When Bloodshot, Harbinger and Archer & Armstrong came to an end in 2014 the publisher rolled in new ongoings like Unity and Rai alongside a slew of limited series such as Harbinger: Omegas, Eternal Warrior: Days of Steel, The Death-Defying Dr. Mirage and The Delinquents. Subsequent years saw them beginning event/crossovers like Armor Hunters and Book of the Dead while ending more series and launching new ones featuring familiar and new Valiant characters such as Ninjak, Imperium, Ivar, Timewalker and Bloodshot Reborn, the Divinity trilogy of books, Britannia, Savage, and Faith among many others.  

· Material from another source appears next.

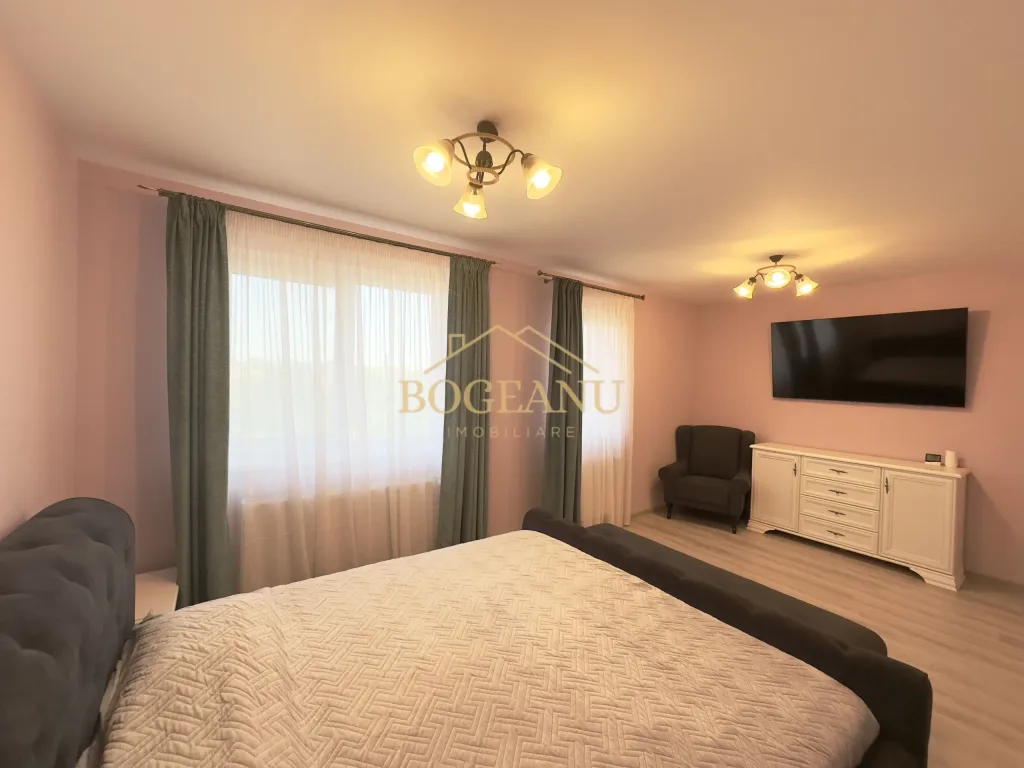 BG30-Vila Mediteraneana 5 camere-COMISION 0% - pemarket.ro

This process of only having a handful of ongoings that cycle in and out alongside a slew of limited series and crossover stories was what got the universe kicked off and pretty much is the same way they handle titles to this very day. Many of the characters have had numerous relaunches and even soft reboots along the way. 

While the company was basically sold off again in 2018 to DMG Entertainment, who previously owned 57% and now owns 100%, and figures like Simons, Cuneo, and Shamdasani left, the success of this relaunch hasn’t abated. The books are still going pretty strong with the launch pattern still being followed as titles rotate in and out. The biggest sign of success is how the characters have expanded beyond the comics into wider media realms. 

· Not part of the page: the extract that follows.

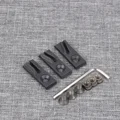 TYPE3(Black)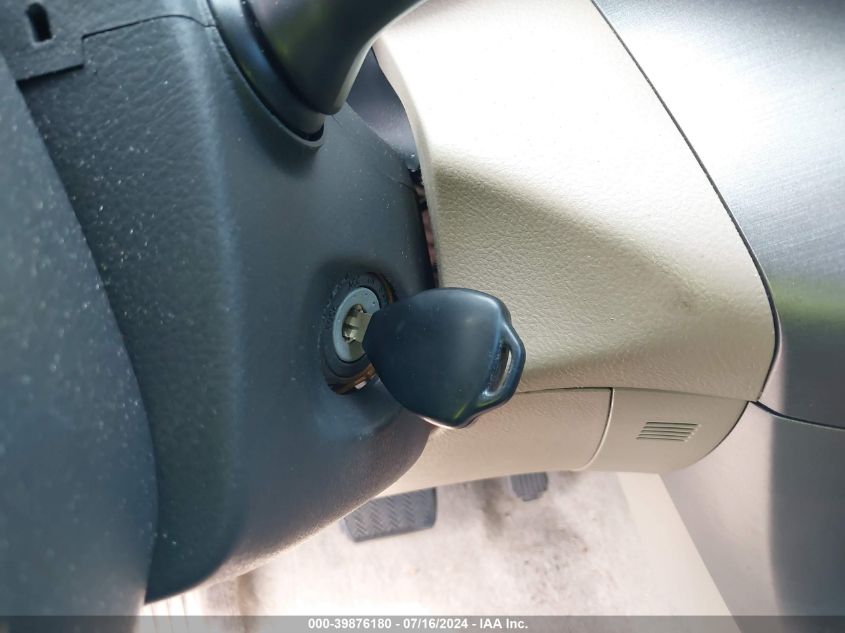 2009 Toyota Rav4 VIN: 2T3ZF33V89W014560 Lot: 39876180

There was a Bloodshot film from Sony Pictures starring Vin Diesel on the big screen (and quickly in homes) in early 2020. A whole cinematic universe was meant to happen at various points through a few studios but so far hasn’t materialized, but Bloodshot is reportedly getting a sequel.  

There was also a short-lived web series/short film called Ninjak vs the Valiant Universe in 2018 and even a live-streamed TTRPG series from Hyper (formerly Hyper RPG) officially sanctioned by Valiant to tie into their second Harbinger Wars event. The Russo brothers (of Community and various Marvel Cinematic Universe films) are even reportedly developing a Quantum & Woody TV series. 

This is a reboot that can easily be placed into the successful category.